I see now there were comments while I was writing my novel like monster of a comment.

@waj - since libuv and Boost::ASIO is all I know of these (via node and making C++ extensions for it), and the pure C++ apps. What made it difficult to get it to work with Crystal? Seeing that libevent2 seems to be "not that maintained" and the fewer platforms it supports mainly.

Also, is there a particular reason for the std concurrency constructs not supporting multi threading yet? So I get the grits...

@stakach - what would be the differences to the currently Crystal idiomatic concurrency constructs? Performance wise, and "boilerplate-wise"?

stakach commented 8 years ago

We should rip out all the legacy socket code and replace it with equivalent high performance code. Effectively all IO (File, Network, Pipes etc) go through Libuv running on dedicated IO threads.

Legacy classes can be wrapped to support non-blocking IO with Fibers. https://github.com/celluloid/celluloid does this to make regular ruby code non-blocking. I don't particularly like the actor model however that aspect of Celluloid is awesome and would make sense in a new language.

This would mean libraries don't need to deal with futures, promises or callbacks and it won't slow down highly parallel apps. Anyone who wants raw access to the async callbacks via promises or wants to deal with multiple threads and locking etc can without worrying about how the libraries are performing IO. the exception here would be C libraries however implementors of crystal libraries could use threads and futures / promises to wrap these

There would be a minor IO performance trade off for smaller applications, where it is unlikely to matter. However for high IO applications it would make a world of difference, for both code confidence and performance.

waj commented 8 years ago

I don't think the current IO implementation could be considered "legacy". Current IO already takes care of concurrent operations in a very transparent and comfortable way to me. Thousands of concurrent socket sessions for example, can be currently handled with high performance on a single thread. No paralellism is occurring, granted, and that's why we want to add support for multithread scheduler in the near future. Also, I don't think you can easily beat the current performance for concurrent IO sessions if you try to schedule the IO on separate threads. I'm worried that doing context switching on each IO operation is unnecessary and poorly comparable with the current implementation.

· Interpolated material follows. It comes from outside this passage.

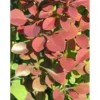 Purppurahappomarja Berberis thunbergii Viheraarni Atropurpurea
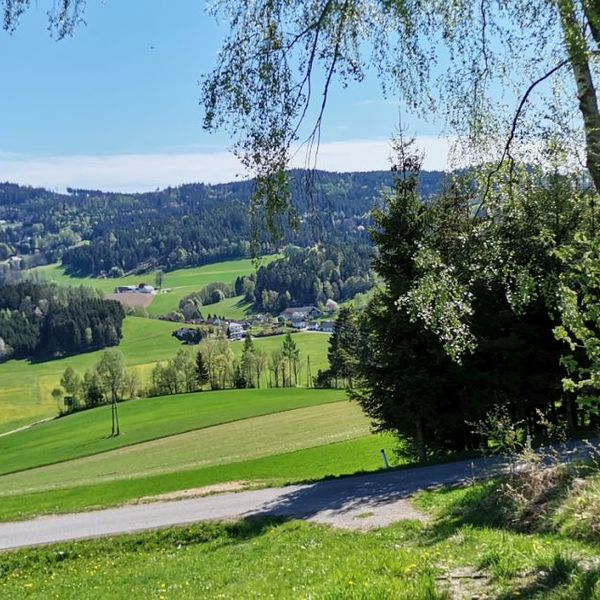 Auf der Hansberg-Runde / Maria Baumgartner Auf der Hansberg-Runde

All that being said, I could probably be wrong, and you could demonstrate that to me if you wish to play with libuv and show some real numbers.

ysbaddaden commented 8 years ago

Crystal already has concurrency. All IO is already running on an event loop. We're not using libuv for different reasons. See @waj comment for instance, and IMHO it lacks multithread support and wraps far too much things to be any flexible (ie. it's tied to node.js as a single threaded event loop, and... nobody wants that for Crystal).

Libevent is also actively maintained and supports all operating systems, but it doesn't wrap everything, and has multithread support. IMHO it's a better fit for Crystal evolution to have something smaller and flexible.

What Crystal lacks, for the time being, is parallelism (an event loop that runs and resumes routinea across a pool of threads), and it's a complex thing to put together, as outlined here.

But again, Crystal already has concurrency (spawn) and synchronisation/communication (Channel) of concurrent code. One can already create an actor or promises library on top of it, thought we would prefer to have actors (and I guess supervisors) than promises into the stdlib.

omninonsense commented 8 years ago

What's so good with libuv? —@waj

It's a nice library with lots of general asynchronous task and AIO primitives. I wasn't aware that Crystal already uses libPCL and libevent2; I thought there was no concurrency or threading support at all, which is why I chipped in about adding support for libuv.

I think the real benefit of libuv would be if Crystal switched all IO and all to libuv. Using libuv just for multithreading would be adding unecessary bloat.

What's wrong with the current state of concurrency? I personally think using libPCL for Fibers is great, and as @ysbaddaden pointed out there's the spawn macro/Channel to make it convenient for use.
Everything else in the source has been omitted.